2. Maintain Good Posture
- It is important to sit with your back against the chair and keep your back straight.
- Adjust the monitor to eye level and the chair height so that your feet rest on the floor.
3. Create a Standing Work Environment
- Using a height-adjustable standing desk is a great idea.
- If standing is not possible, using cushions to support your lower back while sitting can help reduce strain.
4. Exercise Regularly
- Practice activities like walking, yoga, Pilates, or stretching for at least 30 minutes a day.
- Using stairs or taking a walk during lunch breaks are also good methods.
5. Avoid Crossing Your Legs While Sitting
- Crossing your legs can disrupt blood circulation and lead to issues like varicose veins and swelling.
Conclusion
Sitting Disease is a health problem stemming from modern lifestyles, where the habit of sitting for long hours can lead to various diseases. It negatively impacts not only obesity, cardiovascular diseases, diabetes, and musculoskeletal disorders but also mental health. However, fortunately, by changing a few simple lifestyle habits, we can prevent Sitting Disease and maintain a healthy life.

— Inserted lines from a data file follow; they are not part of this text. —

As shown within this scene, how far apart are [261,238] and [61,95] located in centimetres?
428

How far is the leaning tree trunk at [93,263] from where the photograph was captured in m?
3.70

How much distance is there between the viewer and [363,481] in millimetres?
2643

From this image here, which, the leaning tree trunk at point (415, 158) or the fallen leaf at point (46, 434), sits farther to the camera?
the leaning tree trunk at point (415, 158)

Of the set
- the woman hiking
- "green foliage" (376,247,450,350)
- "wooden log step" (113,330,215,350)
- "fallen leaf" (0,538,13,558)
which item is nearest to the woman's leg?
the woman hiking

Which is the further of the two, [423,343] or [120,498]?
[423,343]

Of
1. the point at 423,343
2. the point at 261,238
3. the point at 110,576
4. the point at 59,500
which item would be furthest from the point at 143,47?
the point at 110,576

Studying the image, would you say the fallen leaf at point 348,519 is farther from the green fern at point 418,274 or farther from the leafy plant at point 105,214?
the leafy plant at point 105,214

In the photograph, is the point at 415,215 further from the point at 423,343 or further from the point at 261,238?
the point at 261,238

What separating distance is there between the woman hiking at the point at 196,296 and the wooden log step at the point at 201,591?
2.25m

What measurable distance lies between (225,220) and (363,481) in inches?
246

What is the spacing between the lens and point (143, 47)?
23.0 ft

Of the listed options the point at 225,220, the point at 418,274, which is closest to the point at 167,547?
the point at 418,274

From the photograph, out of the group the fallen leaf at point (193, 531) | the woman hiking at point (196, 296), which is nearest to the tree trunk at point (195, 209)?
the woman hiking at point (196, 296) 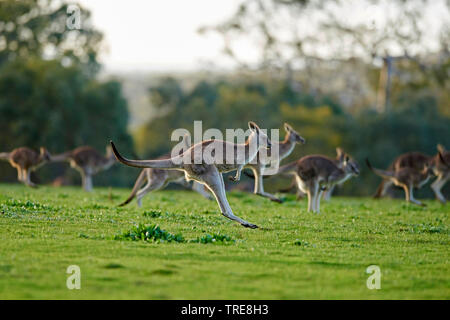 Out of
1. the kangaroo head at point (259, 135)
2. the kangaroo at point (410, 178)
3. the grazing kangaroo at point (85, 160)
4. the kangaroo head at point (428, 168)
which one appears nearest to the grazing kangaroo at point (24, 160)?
the grazing kangaroo at point (85, 160)

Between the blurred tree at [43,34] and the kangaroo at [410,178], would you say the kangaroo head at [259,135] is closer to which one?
the kangaroo at [410,178]

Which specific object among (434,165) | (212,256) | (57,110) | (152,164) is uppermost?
(57,110)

To begin with, it is important to consciously incorporate movement into your daily routine to reduce sitting time. Just standing up and stretching every 30-60 minutes or increasing the time spent working while standing can improve circulation and relieve muscle tension. Additionally, maintaining proper posture is crucial. Small adjustments, such as sitting with your back straight, aligning your monitor to eye level, and adjusting the chair height so that your feet rest on the floor, can prevent musculoskeletal disorders.

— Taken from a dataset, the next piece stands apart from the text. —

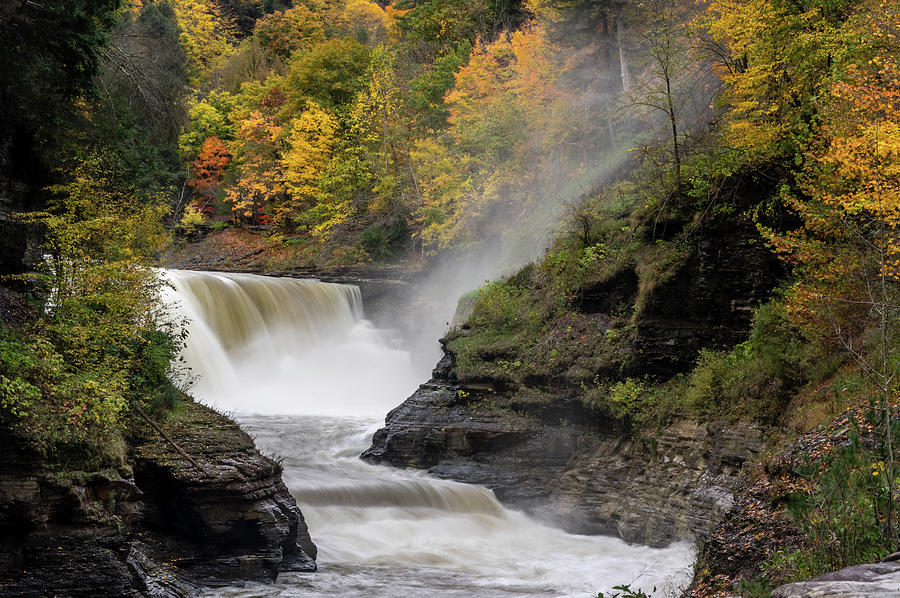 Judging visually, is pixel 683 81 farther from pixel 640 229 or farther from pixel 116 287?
pixel 116 287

Exercise is also a key factor in overcoming Sitting Disease. Engaging in light aerobic exercise for at least 30 minutes a day or taking a walk during lunch breaks is recommended. Simple stretches at home or in the office can help maintain muscle flexibility and reduce physical fatigue.
Sitting Disease stems from a "habit of not moving," so creating the opposite habit of "moving" is the best prevention. To maintain a healthy body, consistent effort over the long term is required. From now on, it is important to reduce sitting time and adopt a more active lifestyle for the sake of your health. Remember that small changes lead to significant health improvements, and try to make it a habit to move a step more each day!